Pogačar appeared on the RTBF programme a little over 48 hours before he attempts to become the first man since Tom Boonen in 2006 to win back-to-back editions of the Ronde van Vlaanderen. He cut a notably loose figure compared to his Milan-San Remo media appearances, joking about his Cipressa crash ("I was annoyed more at the bike than at myself") and praising UAE Team Emirates-XRG for how they had "absorbed" the news of Evenepoel's entry without shifting their own plans.

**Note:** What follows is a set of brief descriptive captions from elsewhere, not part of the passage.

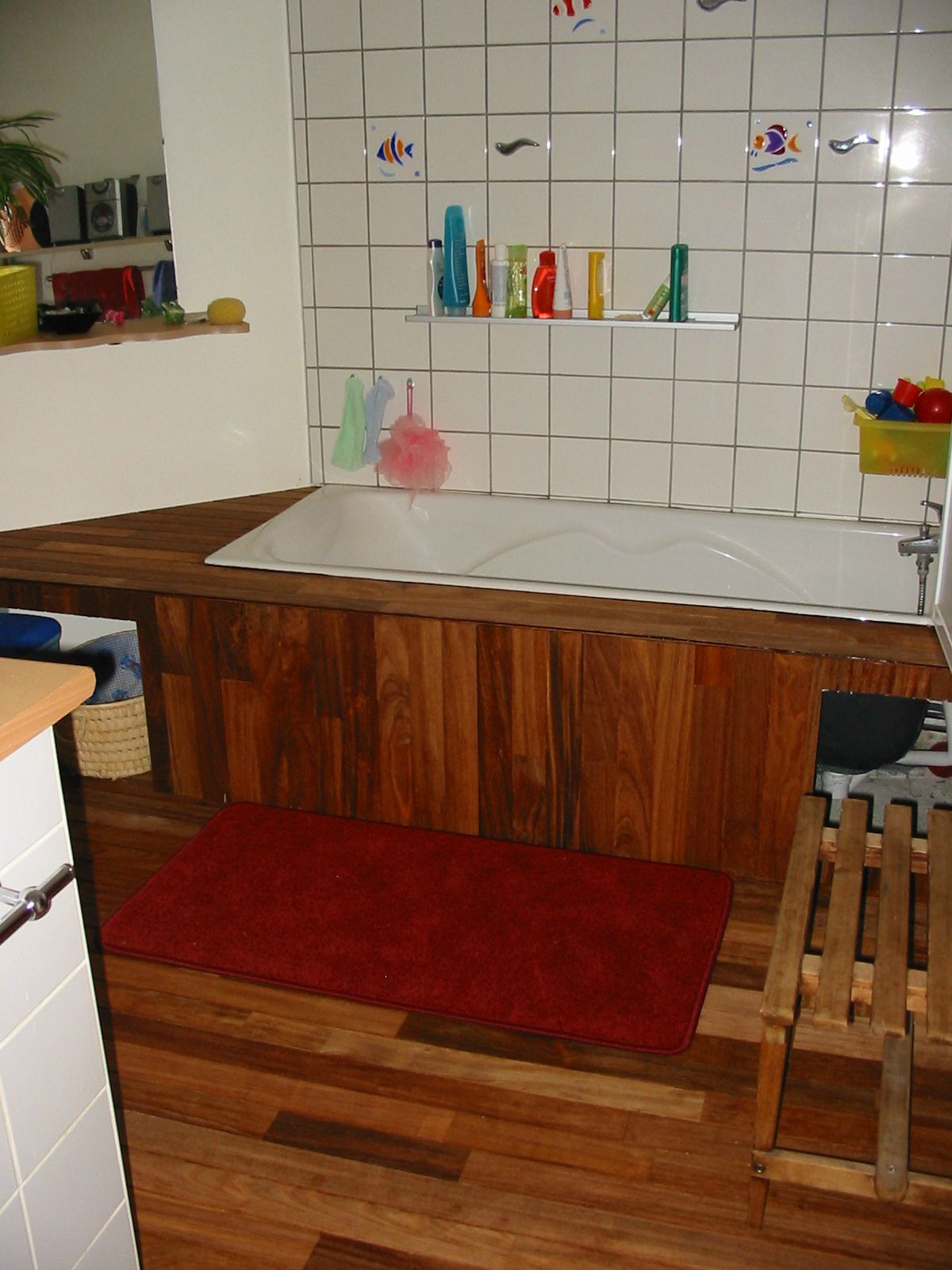 Relooking de salle de bains fade : vive le parquet ! cathypety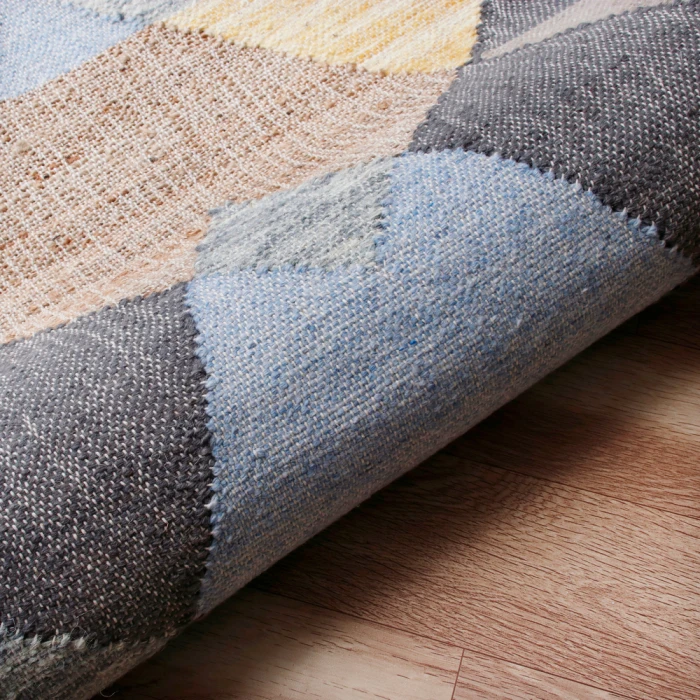 LR Home Nimroz 81982 Beige/ Multi 2' X 3' Rect. Rug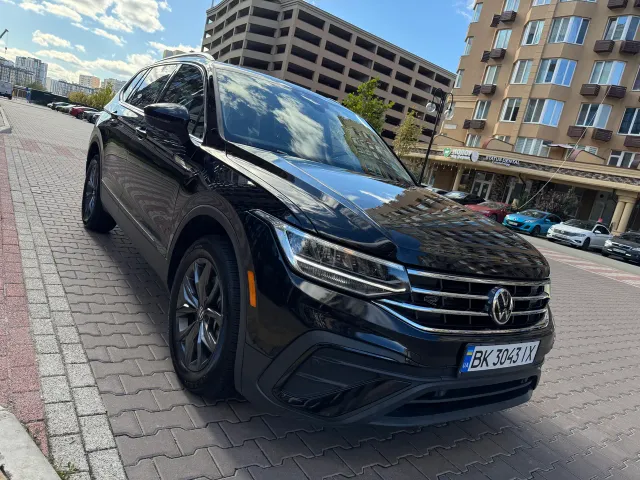 Volkswagen Tiguan - фото 1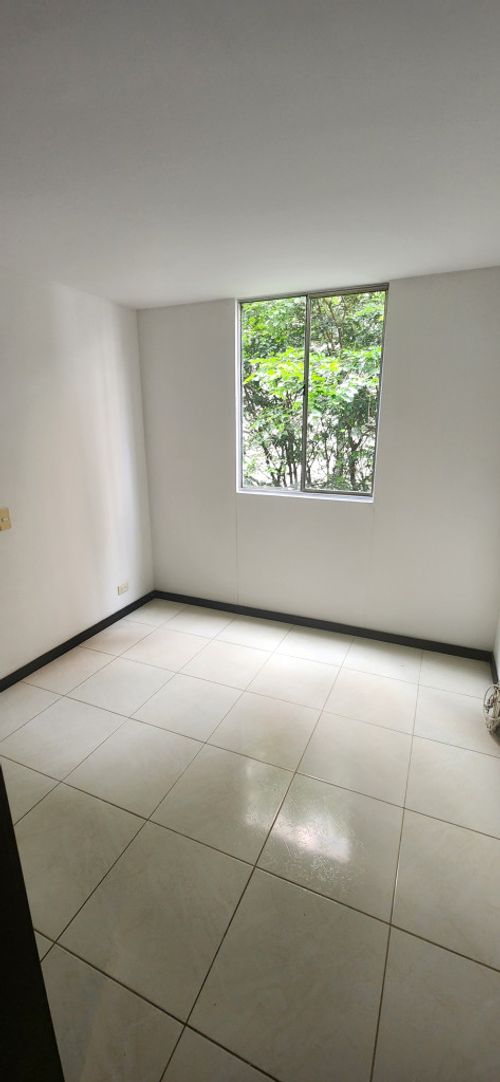 Apartamento de 3 alcobas en arriendo en Villa Carlota, Medellín, 85 m² · foto 6 de 13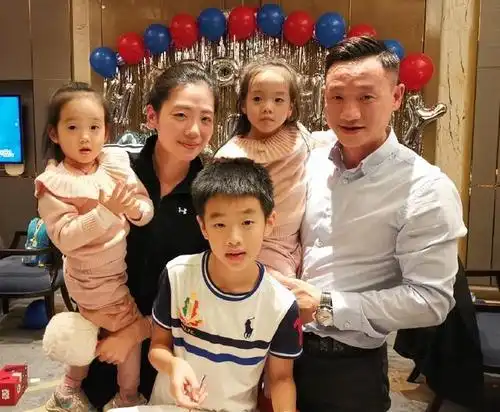 明星在武汉:杨威出门戴泳镜和浴帽,唐一菲亲人受感染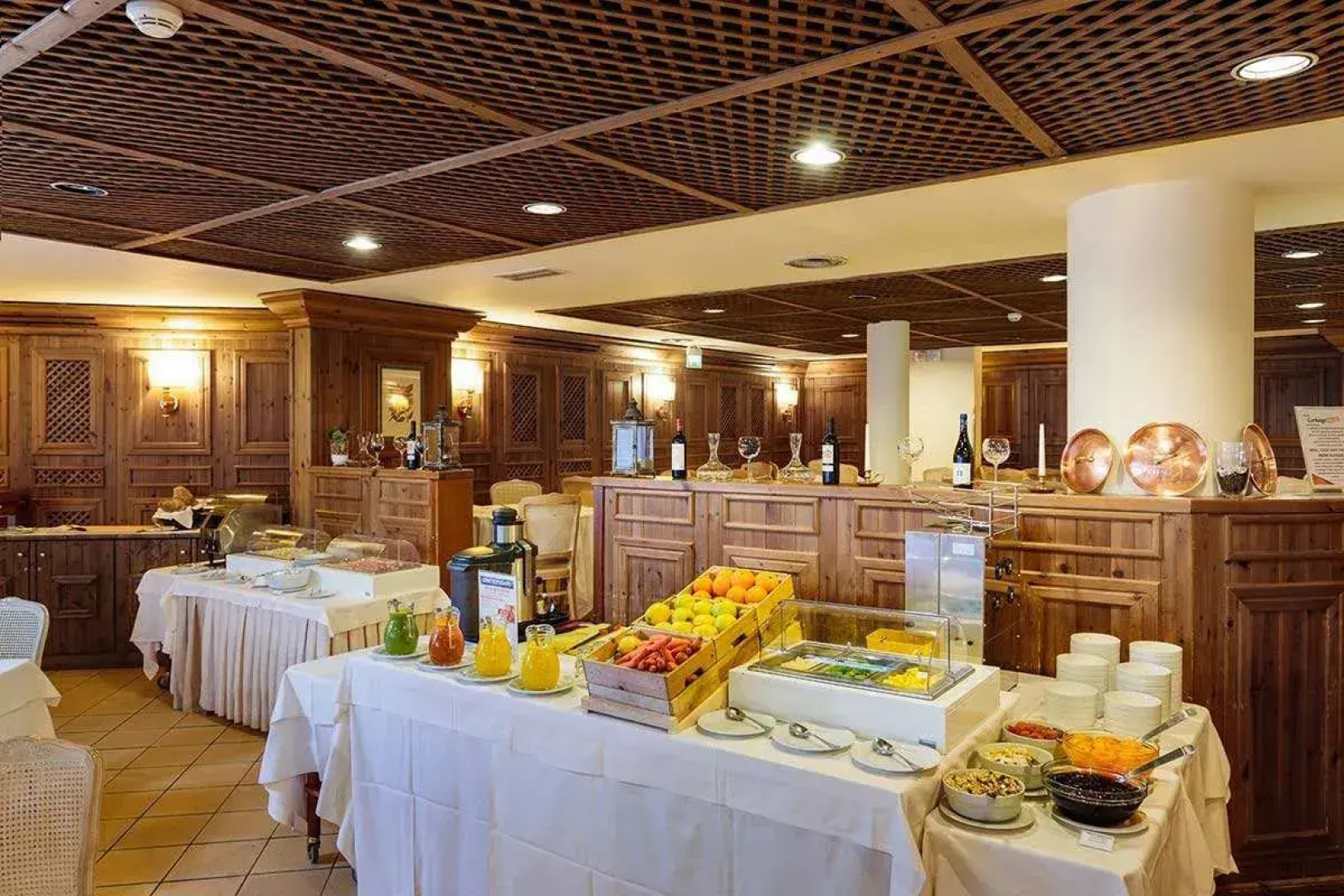 Hotel Alaska Cortina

Asked how he would race Evenepoel on the cobbles, Pogačar was diplomatic but pointed. "Remco is one of the best riders in the world, everyone knows this. He can climb, he can time-trial, he can descend. So you have to respect him. But Flanders is also about knowing the roads, knowing where the race explodes, knowing which cobbles you can smooth out and which cobbles will smooth you out. I have ridden this race. Remco has not. That is the only thing I have on him, and I will try to use it."
The Slovenian then offered the line that has quickly become the quote of the week. "He can attack in the most random places. That is what I think about most when I think about him on Sunday. On a climb, you can see Mathieu or Wout coming. With Remco, sometimes the attack is at kilometre 180 on a flat road because he feels good. So we have to be awake every metre. It is a different kind of tactical headache." The studio audience laughed; Pogačar did not.

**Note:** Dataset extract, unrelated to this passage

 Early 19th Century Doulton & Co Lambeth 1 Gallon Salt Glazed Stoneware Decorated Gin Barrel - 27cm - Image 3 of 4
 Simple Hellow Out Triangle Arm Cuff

Pogačar also used the appearance to confirm he had finished his final pre-race recon on Friday morning, riding the closing 80 kilometres of the route at race pace with Tim Wellens and Nils Politt's former teammate Mikkel Bjerg. He described the roads as "drier and faster than last year" and predicted "a very hard race in the first two hours if the crosswinds come." The forecast for Easter Sunday in Oudenaarde currently calls for light southwesterlies and no rain, a set-up that historically rewards the strongest rider rather than the canniest.

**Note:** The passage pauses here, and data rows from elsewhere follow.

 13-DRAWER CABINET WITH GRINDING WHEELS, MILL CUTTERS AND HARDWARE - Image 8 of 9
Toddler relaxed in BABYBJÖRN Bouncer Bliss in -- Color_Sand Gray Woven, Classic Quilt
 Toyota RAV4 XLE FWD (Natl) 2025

The appearance also offered a reminder of how different Pogačar's relationship with the Belgian public has become since his 2023 Ronde breakthrough. Where once he was a curiosity in the land of cobbles, he is now greeted as something close to an honorary local — a reception the Slovenian acknowledged on air. "The fans in Flanders are amazing. Whether I am in yellow or in the rainbow jersey, they always cheer. This is the race where I feel most at home outside of Slovenia." With Mathieu van der Poel chasing a record-breaking fourth win and Evenepoel making his debut, he may need every watt of that home-crowd goodwill on Sunday.